Algemeen Handelsblad/1839/Nummer 2351/Amsterdam, Zaturdag 18 Mei/Wij vermeenen het publiek in het algemeen en den zeevarenden in het bijzonder eene dienst te doen

Uit Wikisource
‘Wij vermeenen het publiek in het algemeen en den zeevarenden in het bijzonder eene dienst te doen, door de mededeeling van het onderstaande Extract Rapport der 1ste klasse van het Koninklijk Nederlandsch Instituut van Wetenschappen, Letterkunde en Schoone Kunsten, […]’ door een anonieme schrijver en G. Vrolik
Afkomstig uit het Algemeen Handelsblad, maandag 20 mei 1839, [p. 1]. Publiek domein.

[ 1 ] – Wij vermeenen het publiek in het algemeen en den zeevarenden in het bijzonder eene dienst te doen, door de mededeeling van het onderstaande Extract Rapport der 1ste klasse van het Koninklijk Nederlandsch Instituut van Wetenschappen, Letterkunde en Schoone Kunsten, door Z. E. den Heere Minister van Binnenlandsche Zaken, belast geweest met het wettig wetenschappelijk onderzoek van den uitgevonden toestel, om allerlei soort van water en vooral het zeewater drinkbaar en gezond te maken, om, vereenigd aan eene scheepskombuis op schepen van alle grootte, gebruikt te kunnen worden, en voor de invoering van welken hier te lande de Heer Pelloutier van Nantes, in dato 15 Jan. ll. een octrooi voor 15 jaren van Z. M. onzen Koning ontvangen heeft.

EXTRACT RAPPORT.

 » Na het aangevoerde kan het niet moeijelijk zijn, om aangaande den toestel van den Heer Pelloutier vast te stellen
 I. Dat de verdienste eener nieuwe uitvinding, strikt genomen, aan de uitvinders van dezen toestel niet kan worden toegekend, daar noch het zuiveren van water door overhaling, noch het koken van spijzen door waterdamp, aan iemand die eenige scheikundige kennis heeft, onbekend is.
 II. Dat evenwel de vereeniging dier beide oogmerken in eenen genoegzaam beknopten vorm voor het gebruik op zeeschepen en met zoodanige besparing van brandstof, als het voornaamste bezwaar wegneemt, in zoo verre nieuw zou mogen genoemd worden, als zulk een toestel tot nu toe noch algemeen bekend, noch algemeen gebruikt, maar door andere blijkbaar minder doelmatige inrigtingen gewoonlijk vervangen is geworden.
 III. Dat de toestel van den Heer Pelloutier verscheidene voordeden vereenigt, als:

a.
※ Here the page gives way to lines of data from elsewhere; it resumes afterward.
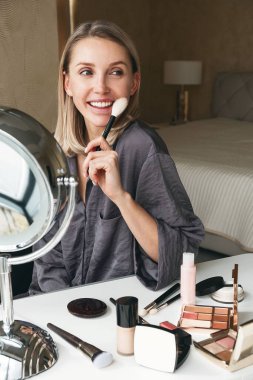 Güzel sarışın bir kadın makyaj fırçasıyla yüzünü kızartıyor, gülümsüyor ve aynaya bakıyor. Elit kozmetik ürünleri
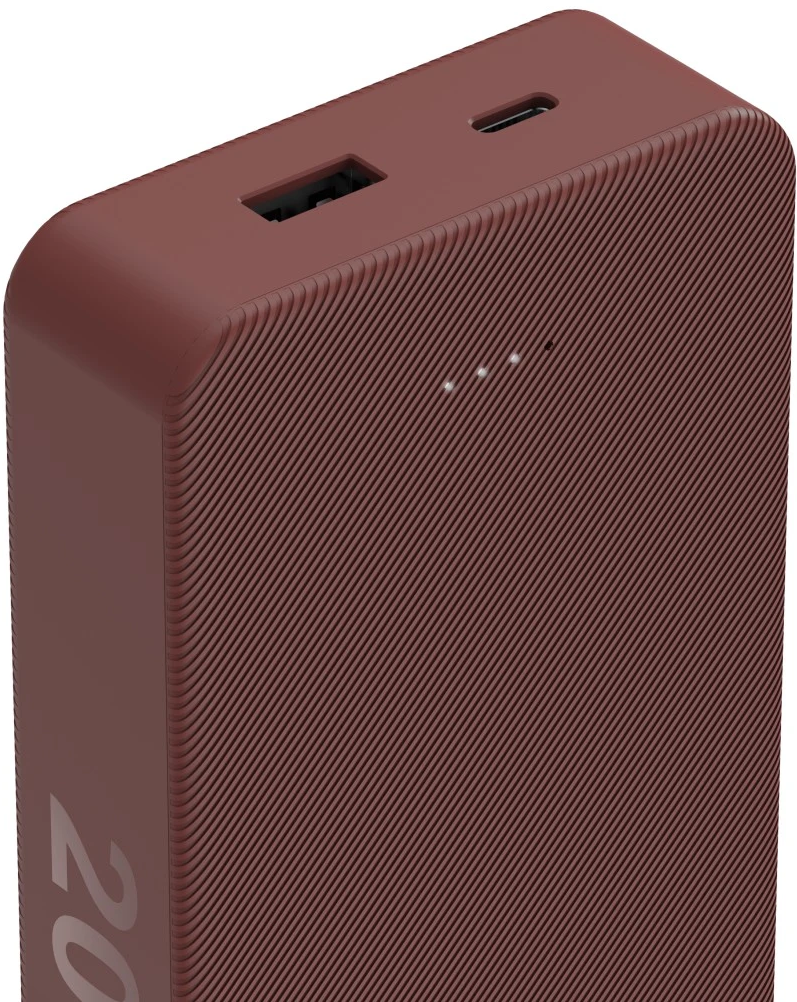 Eine weinrote Powerbank mit strukturierter Oberfläche und einigen Kontrollleuchten oben.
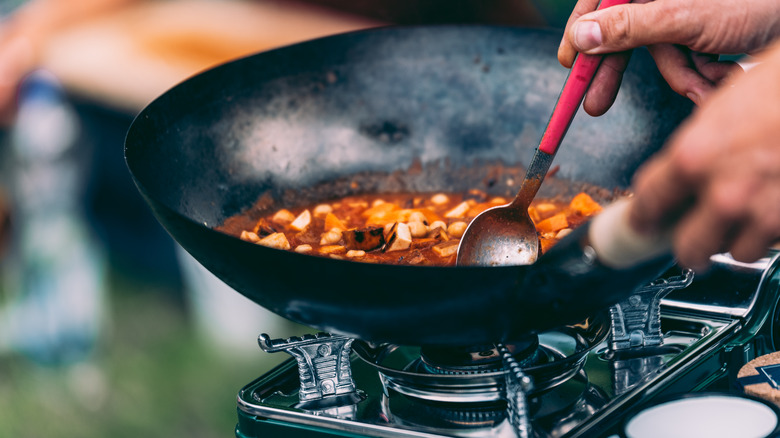 person cooking curry in wok outdoors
Eene voordeelige plaatsing van den vuurhaard, waardoor de grootst mogelijke hoeveelheid warmtestof, die van eene bepaalde hoeveelheid brandstof verkregen wordt, nuttig wordt aangewend. Dit maakt het mogelijk en waarschijnlijk, dat de brandstof bij deze inrigting van de scheepskeuken noodzakelijk niet, althans niet belangrijk, grooter is, dan bij de gewone inrigting van de scheepskeuken, die geen gezuiverd water oplevert.
b. De spijsbereiding door den waterdamp, die te gelijker tijd voordeelig is, voor zoo ver dezelve geen afzonderlijk vuur vereischt, en tevens geenen onaangenamen of brandigen bijsmaak kan verwekken.
c. Maar vooral door het bekomen van eene ruime hoeveelheid zuiver water tot alle einden aan te wenden, welke voor de gezondheid en het genoegen der equipage en voor den onafgebroken voortgang der reize van het grootste gewigt moet zijn.

 IV. Gekommitteerden vermeenen alzoo dat het bezit van zoodanigen toestel voor alle zeeschepen eene wezenlijke aanwinst te achten zij, en dat de uitvinders alzoo van den kant der Regering en der commerciele Marine aanmoediging verdienen.”

(Was get.) G. VROLIK, 
Secretaris der Eerste Klasse van het Kon. Ned Instituut. 

 NB. Bij alle bovenaangevoerde voordeelen moet het zeer aanzienlijke van de aanwinst van scheepsruimte, nu gebezigd voor berging der benoodigde waterkisten en vaten, gevoegd worden.